Sen. Claire McCaskill, D-Mo., has set an April 27 deadline for GSA to hand over more details about its bonus program.

Sen. Claire McCaskill, D-Mo., has set an April 27 deadline for GSA to hand over more details about its bonus program. Manuel Balce Ceneta/AP

GSA Roundup: Vegas out; doing great things; more bonuses; stolen iPods

Daily highlights in the wake of GSA’s extravagant conference spending.

The General Services Administration isn’t taking any more chances with Las Vegas: A one-day event called GreenUP 2012 Training Conference and Vendor Showcase, scheduled for April 25, has been nixed. A GSA spokesman informed The Washington Post of the cancellation.

In 2011, at another GSA-sponsored conference in Vegas, attendees were treated to a slightly more uplifting talk from former University of Notre Dame football player Rudy Ruettiger, according to the Post. The man whose story inspired the film Rudy (and who has had some run-ins of his own with the Securities and Exchange Commission) pushed his audience to do great things.

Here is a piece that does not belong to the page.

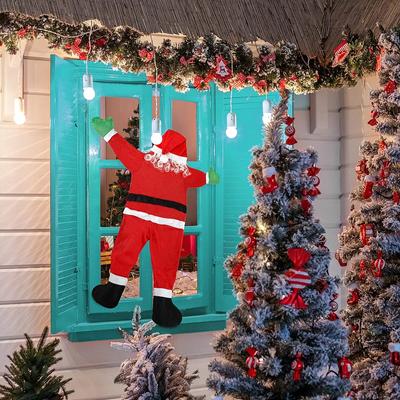 Santa Claus Decoration Light Up Santa Claus Outdoor Indoor Hanging Climbing Santa Claus Bookshelf Mantel Christmas Decoration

Those great things probably didn’t include doling out additional bonuses, however. The House Transportation and Infrastructure Committee and Fox News, pulling from new details in an inspector general report, reported Wednesday that several executives in charge of planning the 2010 conference stayed an extra night in their Vegas suite at a severely discounted rate and received cash bonuses from GSA ranging from $500 to $1,000 as rewards for planning the conference.

Meanwhile, Sen. Claire McCaskill, D-Mo., has set an April 27 deadline for GSA to hand over more details about its questionable bonus program. Federal News Radio reports that McCaskill, chairwoman of the Senate Homeland Security and Governmental Affairs Subcommittee on Contracting Oversight, has been questioning GSA’s Hats Off awards program since 2010.

That program has been suspended, according to Federal Times -- though not before hundreds of iPods (intended to be given to employees) were stolen from federal buildings, as reported by the inspector general.